From first call to final inspection
We keep the process the same every time so there are no surprises:
- Inspect. We come out and look at the whole roof — including the flat sections and penetrations — and document what we find.
- Measure. We take precise measurements so the estimate reflects your actual roof, not a guess.
- Estimate, in writing. We provide a complete written estimate and review it with you. Nothing moves forward until you've signed off on it.
- Permits. We apply for the required Chelsea building permits (and flag any historic step if your building is designated).
- Schedule. We set a date that works around the weather and, for rentals, around your tenants.
- Install. Our crew installs the complete system, protects your property, and cleans up the site.
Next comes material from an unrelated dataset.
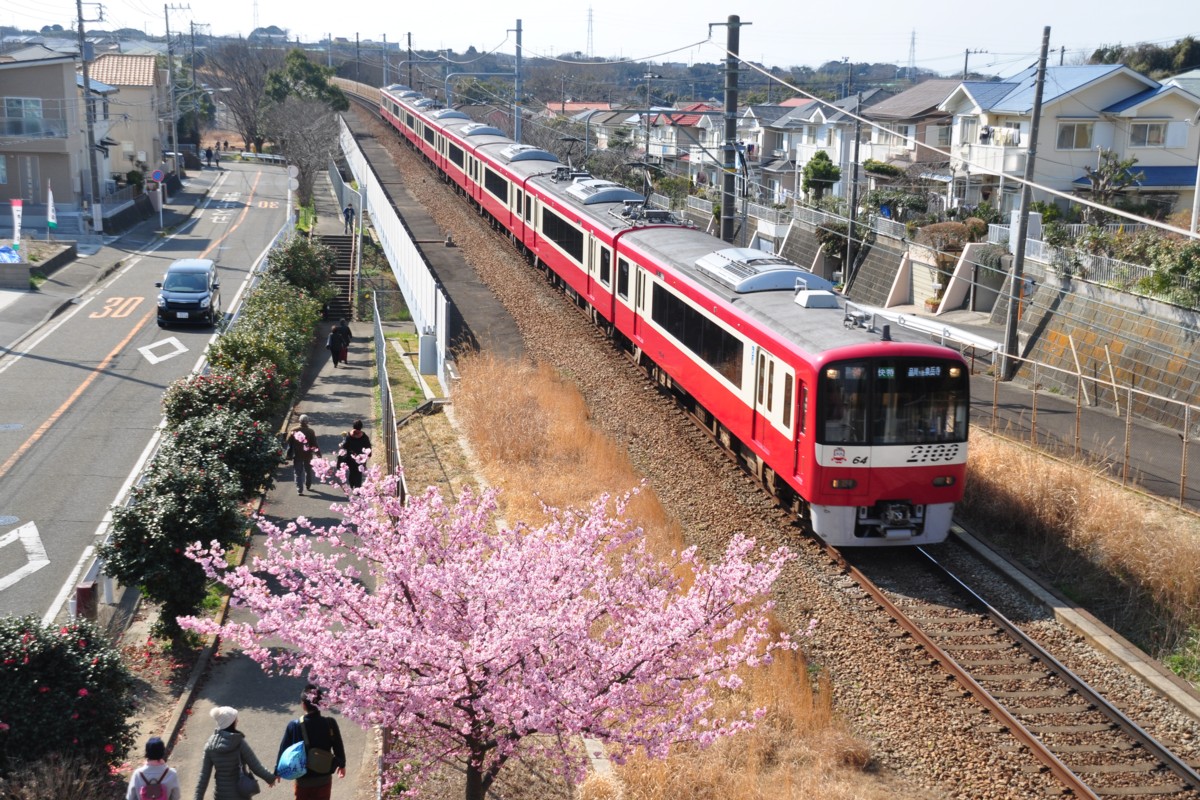 撮影・桜・京浜急行・三浦海岸－三崎口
- Final walkthrough and city inspection. We walk the finished roof with you and file for the city's final inspection so the job is closed out properly.
Protecting your property during a roof replacement
A roof replacement is a messy job, and how a crew handles that says a lot about them. Before we start, we take steps to protect the area around your building and shield your deck, patio furniture, and AC unit from falling debris. When the work is done, we remove the debris and run a magnetic sweep across your driveway, walkways, and any yard to pick up stray roofing nails.
Why owners in Chelsea choose us
- We're in the area constantly. Chelsea isn't a place we visit; it's part of our weekly territory.
- We know these buildings. Dense, tightly-spaced multifamily wood-frame homes, two- to six-family layouts, and the flat-roof-plus-shingle combination that defines so much of Chelsea — including what it takes to work on rental property with tenants in place.
- Owens Corning Platinum Preferred Contractor — the top tier of Owens Corning's network, installing the complete system.
- Licensed and insured, with the documentation to prove it before we set foot on your roof.
- Free, no-pressure inspections — drone-assisted, with a written report and photos you keep.
- The Mighty Watchdog Warranty standing behind our work.
- Financing available, so a sudden roof problem doesn't have to become a financial emergency.
Frequently asked questions
How much does a new roof cost in Chelsea?
There's no honest flat number, because price follows the roof: its size and pitch, how many layers have to come off, the condition of the decking underneath, the number of valleys and penetrations, and whether there's a flat section in the mix. A small, simple roof and a stacked six-family with a porch roof are very different jobs. What we can tell you is that our estimate is all-in, with no surprises tacked on later. Our estimate includes: all the materials needed to complete the project, labor, all permits, dumpster and disposal to the landfill. The right way to get a real figure is a free inspection and a written estimate — and we'd rather quote your actual roof than throw out a number that changes the day we get up there.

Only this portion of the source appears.